Erin: [picks up phone] ... I'm so sorry. Sorry. [hangs up]

Quote from Andy

Deangelo: Hey, funny guy. I'm having a little mid-day lull here. Make me laugh. Huh, what have you got? I can't even look at you.
Andy: Here we go... Okay, what do African Americans call the... [laughter]
Erin: Deangelo, did you order a barber?
Deangelo: Oh, yeah. Put a pin on that, kid. Can't wait to hear the punchline.
Darryl: Finish the joke, Andy. What do African Americans call..?
Andy: I don't know. Help me.

Quote from Jim

Michael Scott: [to Erin] Shave me. [walks into his office with Deangelo] Well, this is going to be funny, because it looks like we are going to be shaving buddies!
Deangelo: Okay, alright! I love it! I love it! Michael, this is Reggie. He is the #1 Yelp-reviewed shaver in Scranton. It's not even close.
Michael Scott: And this is Erin and she is going to shave my face. Here we go. [Erin squirts far too much shaving cream onto Michael's face]
Deangelo: Alright. This is how we do it. Feels nice, doesn't it?
Michael Scott: It really does. This is luxury. Here we go. Ah, that is nice.

Quote from Michael Scott

Oscar: You wanted to talk to us, Deangelo?
Deangelo: Ah, yes, please. Just cozy up there. Just thought we could have some rap sessions with smaller groups.
Michael Scott: Well, we don't really do rap sessions. We kinda do- [as Erin shaves him] God! We sorta do more of like pow-wows or whatevs-
Deangelo: Okay, then, powwows then, fine.

Quote from Jim

Pam: Hey, Deangelo, my mom just sent me this picture of Cece, it is so adorable.
Jim: Alright, wait, little bit of backstory, she loves dogs. She calls them "da-das".
Pam: "Da-das".
Jim: And what happens here is-
Deangelo: You know what, enough about your baby, okay? I'm sorry.
Jim: We were- I think she was just trying to-
Deangelo: No, no, no, I know what you're doing. Just quit it.

Quote from Michael Scott

Deangelo: I want to hear from the rank and file. How can I be the best manager for you all? What can I do better?
Michael Scott: You know what, everybody? You have to be honest, here. You can't say that everything is perfect, right? So, come up with something.
Oscar: Well, Deangelo, I'd say communication could be improved. People stopped reading memos, so everyone marks them urgent.
Michael Scott: Okay, you know what, I mark it urgent A, urgent B, urgent C, urgent D. Urgent A is the most important, urgent D you don't even really have to worry about.
Erin: Okay, Michael, can you stop talking now?

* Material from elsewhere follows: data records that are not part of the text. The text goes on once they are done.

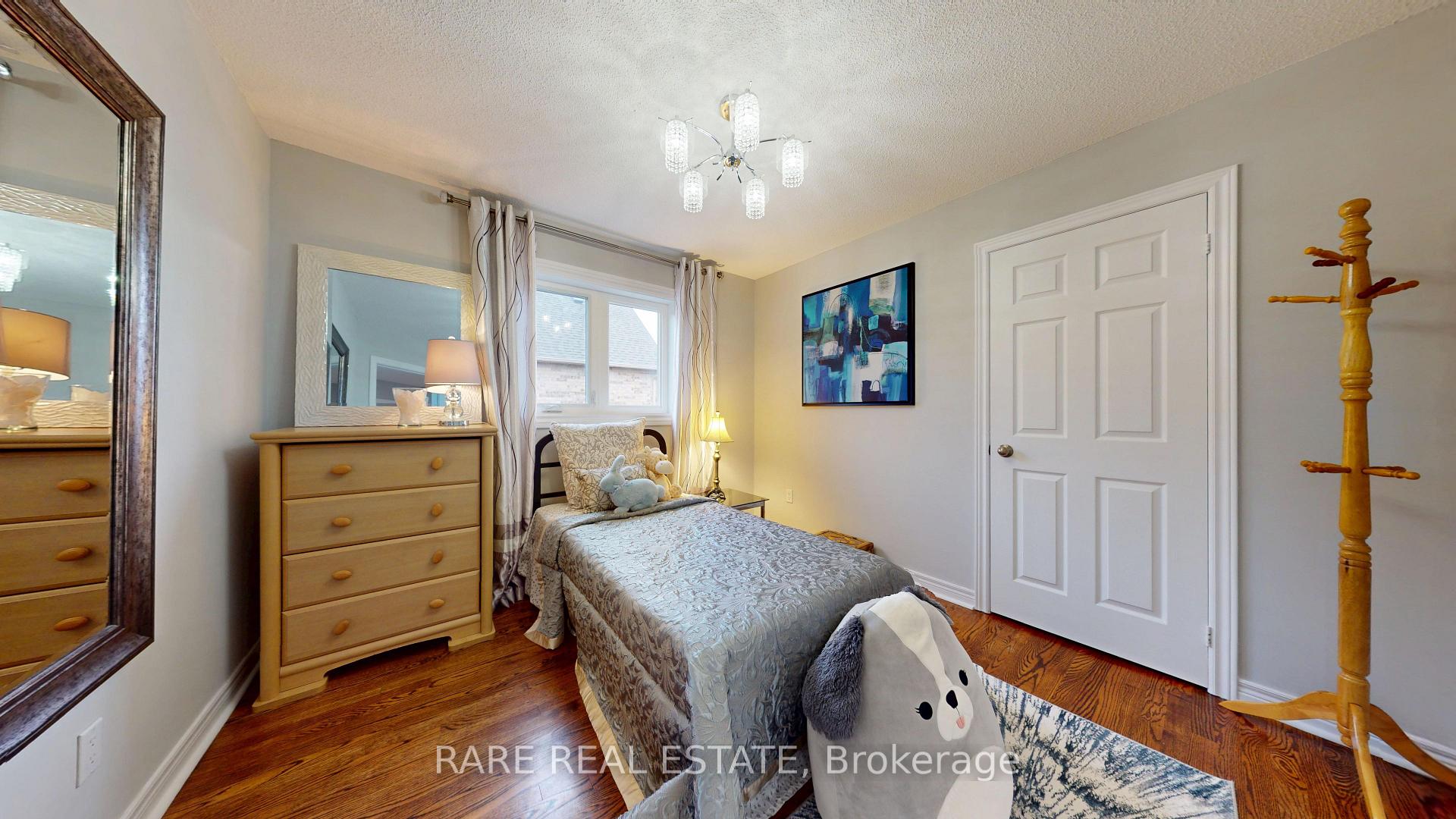 Photo 24 of 68 Kirkbride Crescent, Vaughan, Maple — HOMEH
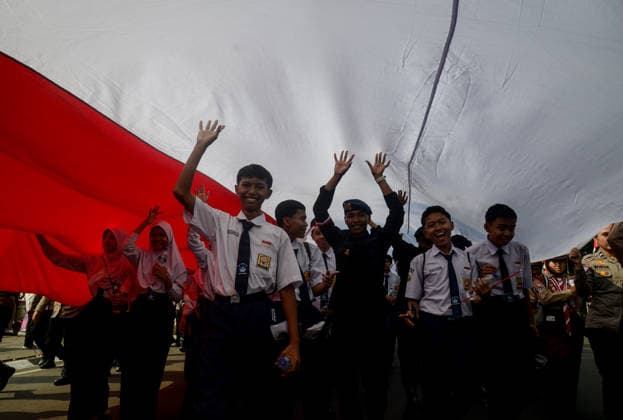 August 9, 2026, Bogor, West Java, Indonesia: Students take part in carrying a 500-metre-long national flag as they marched through the streets of Bogor, West Java, during the ˜Merah Putih™ Festival parade ahead of Indonesia™s 81st Independence Day celebrations. Bogor Indonesia - ZUMAa216 20260809_zip_a216_005 Copyright: xAdrianaxAdiex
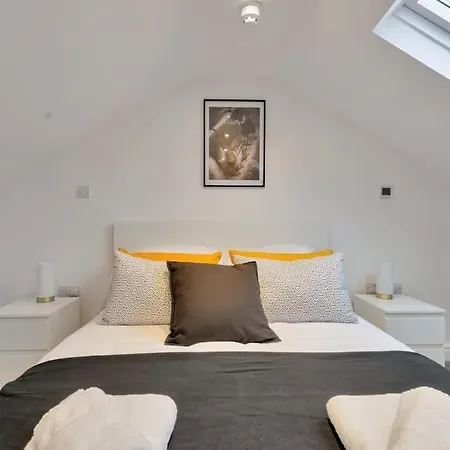 2 Bedroom City Centre Apartment With Free Parking Gloucester Exterior photo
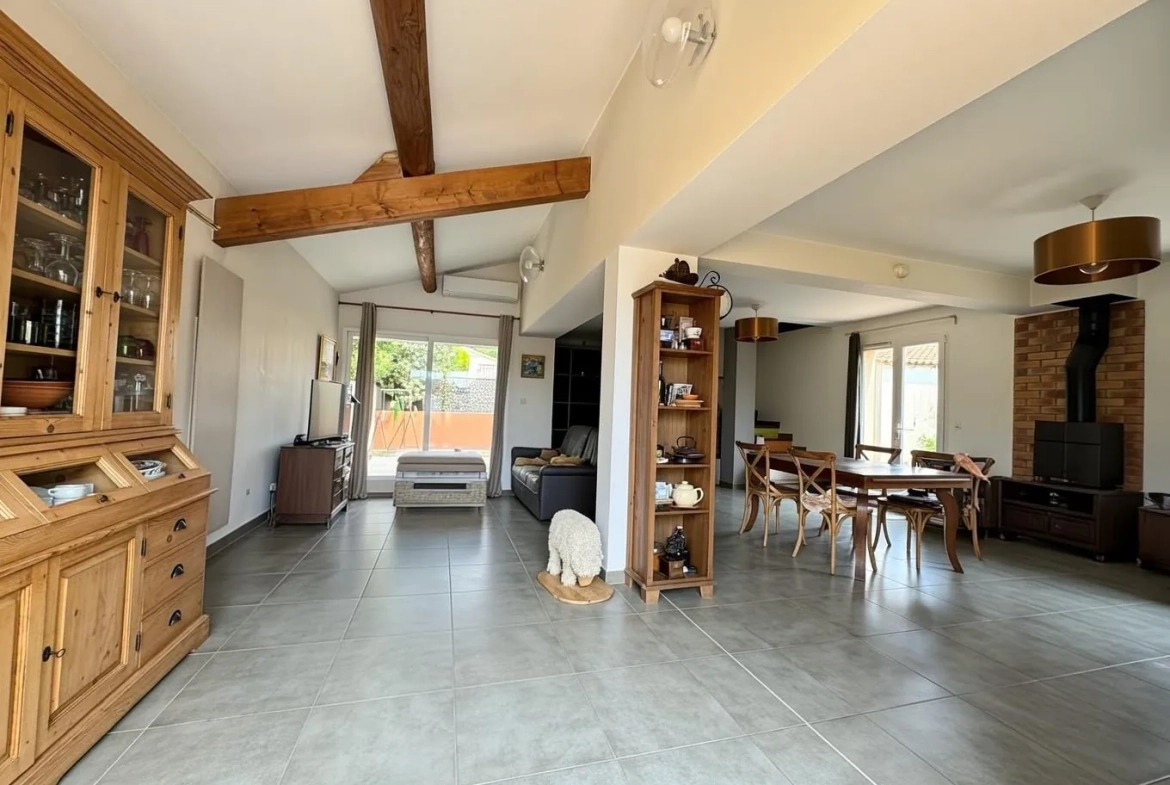 Maison 3 chambres avec piscine à Martigues Ferrières – 110 m² 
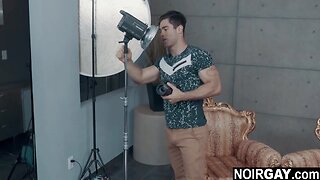 Photographer fucks his darky gay model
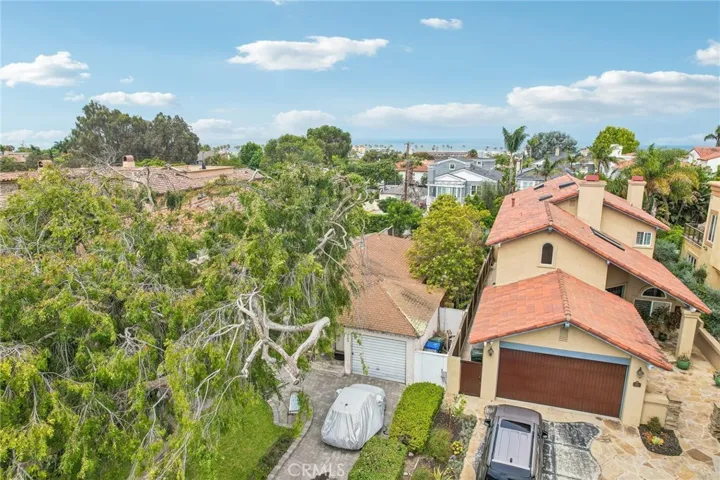 647 S Irena Avenue, Redondo Beach, California 90277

I need to shave your lips.
Michael Scott: Don't shave my lips.

Quote from Andy

Deangelo: [Andy walks into room] What's up?
Andy: I don't mean to go into a rant here, but...
[aside to camera:]
Andy: I wrote the perfect joke. Topical, edgy, funny.
[back:]
Andy: ...I saw this thing in the news. Democrats want electric cars. Republicans don't. I'm thinking, "How crazy is it that we have a car debate going on in a city known for gridlock."
Deangelo: Um. Let's not- Let's not talk politics in the office, okay? I like you better as a funny guy.
Andy: [leans on table] I wasn't taking a position. It's just sort of one of those things where- [table collapses]
Deangelo: [laughter] Now, that's funny! That's funny! You walk much?

Quote from Gabe

Dwight K. Schrute: How do I become a manger at Sabre?
Gabe: First thing's first, thank you for coming to me directly. I know you could have called Tallahassee but they would've just looped back to me, so, it's cool you recognized my role here.
Dwight K. Schrute: I left a message at corporate.
Gabe: Ah. There you go. Get a recommendation from Michael. That'll put you right on the shortlist for next time there's an opening.
Dwight K. Schrute: Can't you just use the recommendation you already have on file?
Gabe: What recommendation?
Dwight K. Schrute: From when he recommended me to replace him.
Gabe: ... Um... I'm sorry, I never know how to act in these awkward-type situations.

Quote from Michael Scott

[As Michael and Deangelo embrace in an awkward hug:]
Michael Scott: Why did you have to be so damn good?
Deangelo: I... I'm adequate. I'm half as good as you.
Michael Scott: No, no, no. Come on. You are good, they know it.
Deangelo: Will you do me a favor and enjoy this time, okay? You've worked so hard, get your senioritis on. It's Lake Havasu time!
Michael Scott: Guess I've been working so hard I forgot what it's like to be hardly working.